Sur ces ‘‘Orénoques du cœur humain’’, Compagnon rappelle qu’on les voit apparaître dans le projet d’épilogue aux Fleurs du mal pour la seconde édition (de 1861): 

Tes petits orateurs, aux enflures baroques,

Prêchant l’amour, et puis tes égouts pleins de sang,

S’engouffrant dans l’Enfer comme des Orénoques (…)
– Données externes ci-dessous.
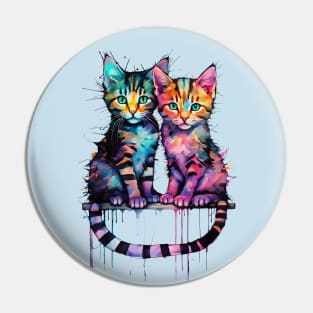 A colorful image of two cute cats Pin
Mais il faut conclure. Quoi ? L’heure, le cours, la session 2012. Comme cela ? Brusquement ? Oui, on a semble-t-il trop tardé. La frustration de l’inachevé est à l’ordre du jour et les idées, elles, ne sont guère en ordre. Mais c’est ainsi … Alors, Compagnon jette encore une dernière citation, dans l’esquif de Guys : Pour tout dire en un mot, notre singulier artiste exprime à la fois le geste et l’attitude solennelle ou grotesque des êtres et leur explosion lumineuse dans l’espace. Ce que Manet, c’est sans doute cela, dit Compagnon, n’a pas su faire.

Il ajoute deux mots. Pour se rassurer ? Il dit : « Malgré tout, Presse, Photo, Ville, Artiste moderne, quatre dossiers où modernité et résistance à la modernité ont pu quand même être cernées, dans le triomphe de l’ambivalence ». Eût-on pu le faire sur d’autres thèmes ? Il ne le pense pas. Et la question : « Baudelaire, moderne ou antimoderne? » reste un paradoxe dont il n’était pas souhaitable que l’on sortît. Dit-il …

Cela sent un peu sa pirouette. Mais enfin, sur ce long chemin 2012 de la non-réponse, on a rencontré beaucoup de monde et on a aussi appris beaucoup de choses, dont hélas – et c’est pourquoi il fallait les écrire – on ne retiendra à peu près rien.